The SETI Institute bids a fond farewell to Al Bagley, former Trustee and insightful leader.
Al Bagley, one of the transformational engineers in Hewlett-Packard’s early days and a long-time member of the SETI Institute’s Board of Trustees, passed away on 24 June at the age of 94.
At the SETI Institute, Bagley was known as a generally taciturn and occasionally flinty board member with a deep background in technical innovation and management. A graduate of Caltech and Stanford, Al had decades of experience solving problems in the pressure cooker world of high-tech – experience that prompted insightful comments on the development of equipment for the Allen Telescope Array, an instrument that was being planned and constructed during his Board tenure.
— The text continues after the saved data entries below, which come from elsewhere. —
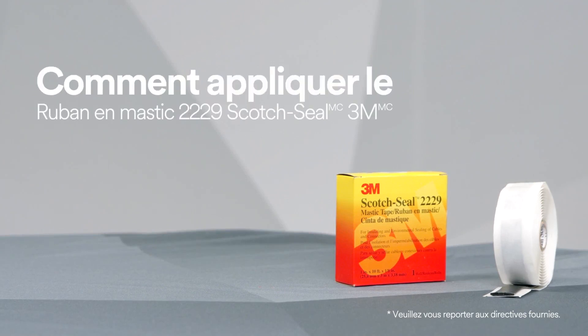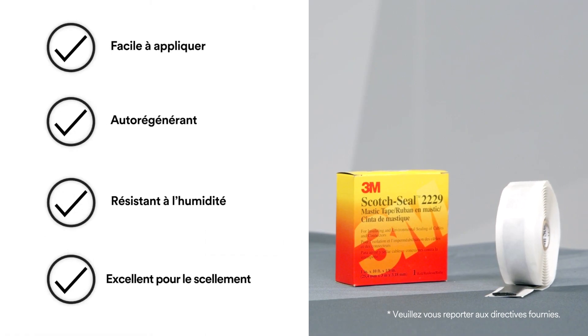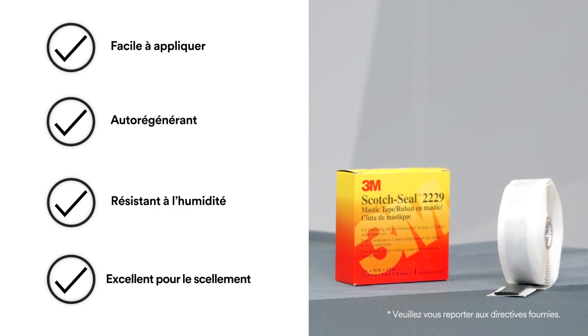To help protect against moisture, use 3M Scotch Seal Mastic Tape 2229, because it provides excellent adhesion and sealing to metals, rubbers, and synthetic cable insulations and jackets, as well as electrical insulating properties.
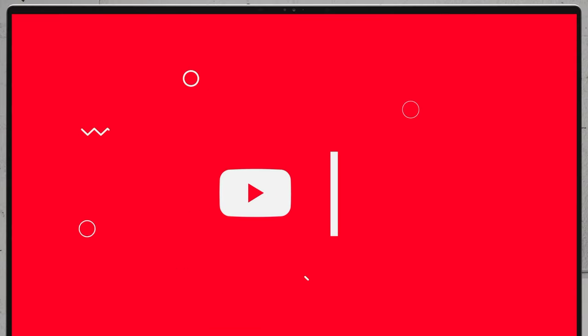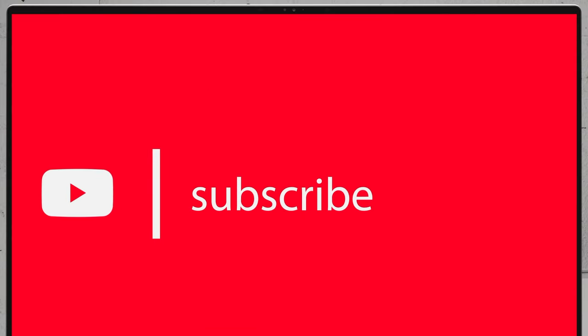If you'd like to see more disassembly videos of the latest notebooks, we would highly appreciate it if you hit the like button and subscribe to the channel.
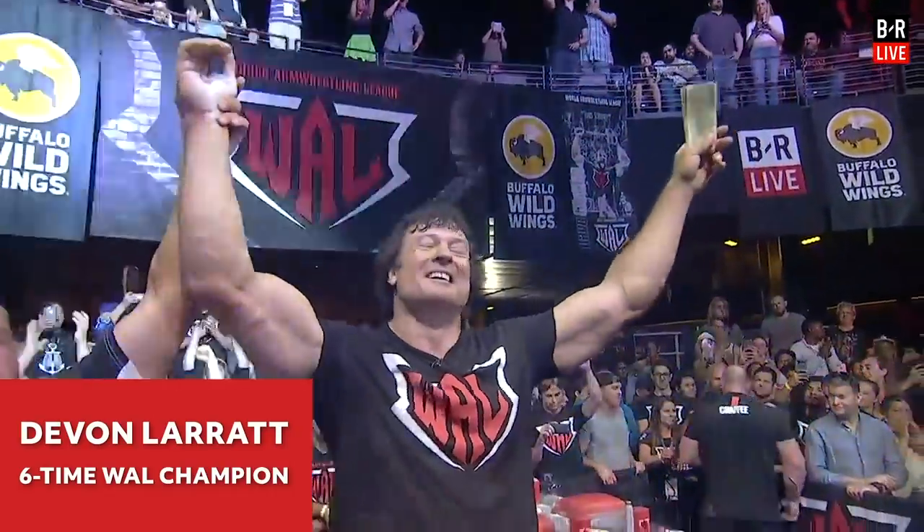I'm Devin Larratt. Mike Aiello, the King of New York. We're here with the World Arm Wrestling League and we are going to talk about the finer points of how to win an arm wrestling match and how to beat your friends.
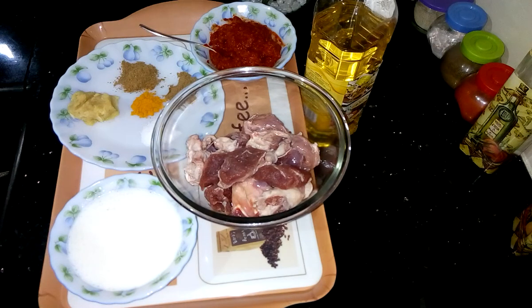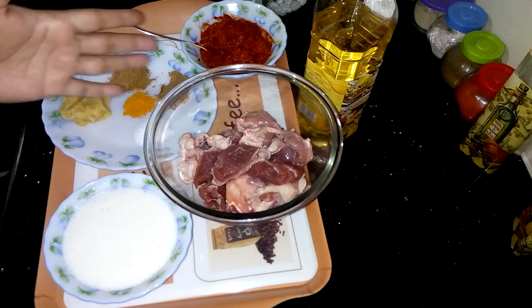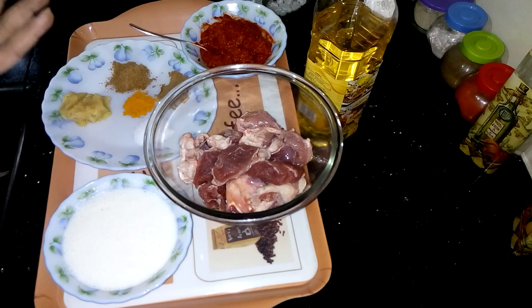Hi guys, this is Shomali and welcome to my kitchen. Today I am going to show you how to prepare Laal Maas, which is a very famous recipe of Rajasthan. So these are my ingredients which I am going to use today.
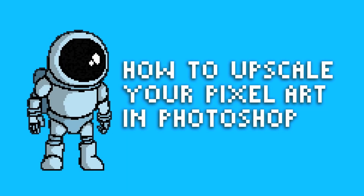Hello, and welcome to another Pixel Flex tutorial. How to upscale your pixel art in Photoshop and keep it clean.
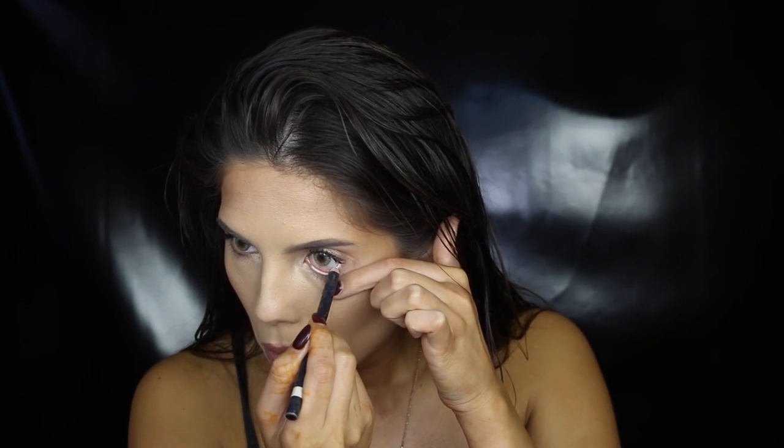For a fresh, wide-eyed look, I'm using white to line my waterline, then touching up those bottom lashes.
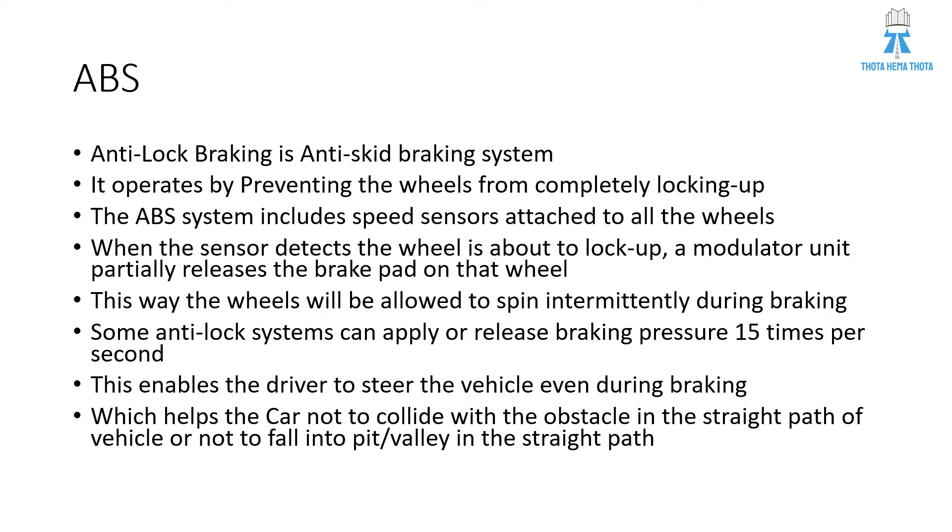ABS, anti-lock braking system, is an anti-skid braking system. It operates by preventing the wheels from completely locking up. The ABS system includes speed sensors which are attached to all the wheels of a vehicle. When the sensor detects the wheel is about to lock up, a modulator unit partially releases the brake pad on that particular wheel. In this way, the wheels will be allowed to spin intermittently during braking.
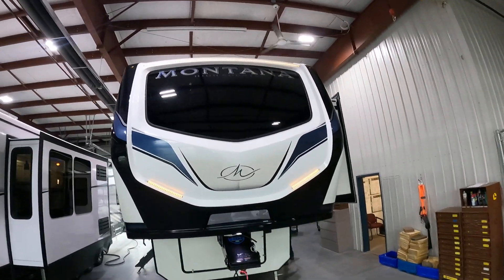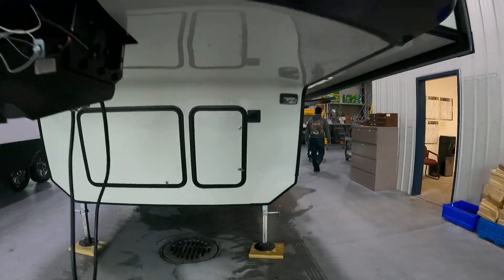Welcome to your brand new Montana High Country. As we come up to the front, in the front compartment we have our battery and battery shut-off switch.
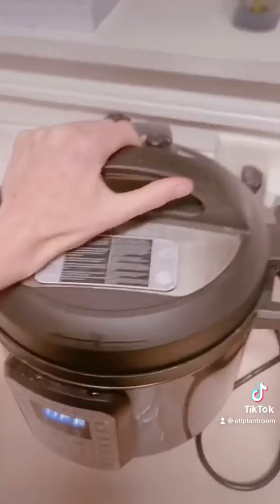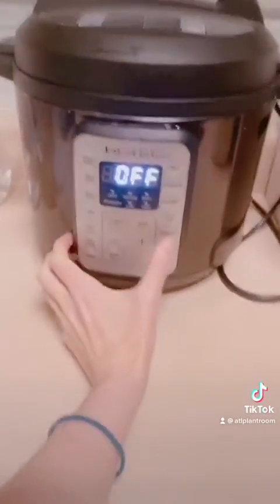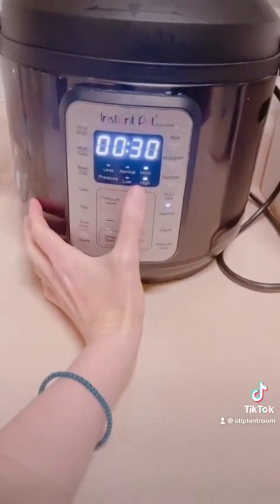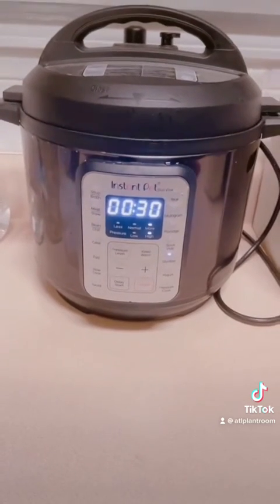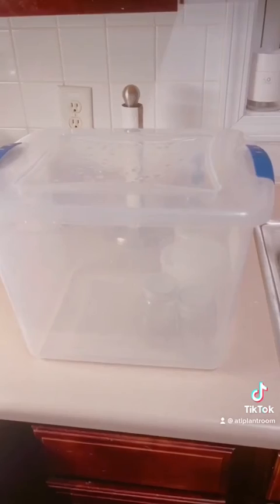Now let's close the lid. Set it on sterilize and then high, and more, so it'll be 30 minutes. That's basically it. Once that's done, we'll put it in here and take it downstairs.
Al (known to colleagues as “Bags”) was one of the handful of HP pioneers who established the company’s impressive reputation for solidly-built measuring equipment during its first few decades, eventually heading up what became known as the Frequency and Time Division. The cesium atomic clock developed under Bagley’s leadership became the forerunner to equipment that proved the tenets of Special Relativity and also made applications such as GPS feasible. Without doubt, Al was part of the team that ushered in Hewlett-Packard’s Golden Age.
Bagley’s presence on the SETI Institute’s Board was part of a small parade of H-P luminaries who guided the research organization in its formative years. Al was an exceptional talent and singular personality – one that all who knew him will miss.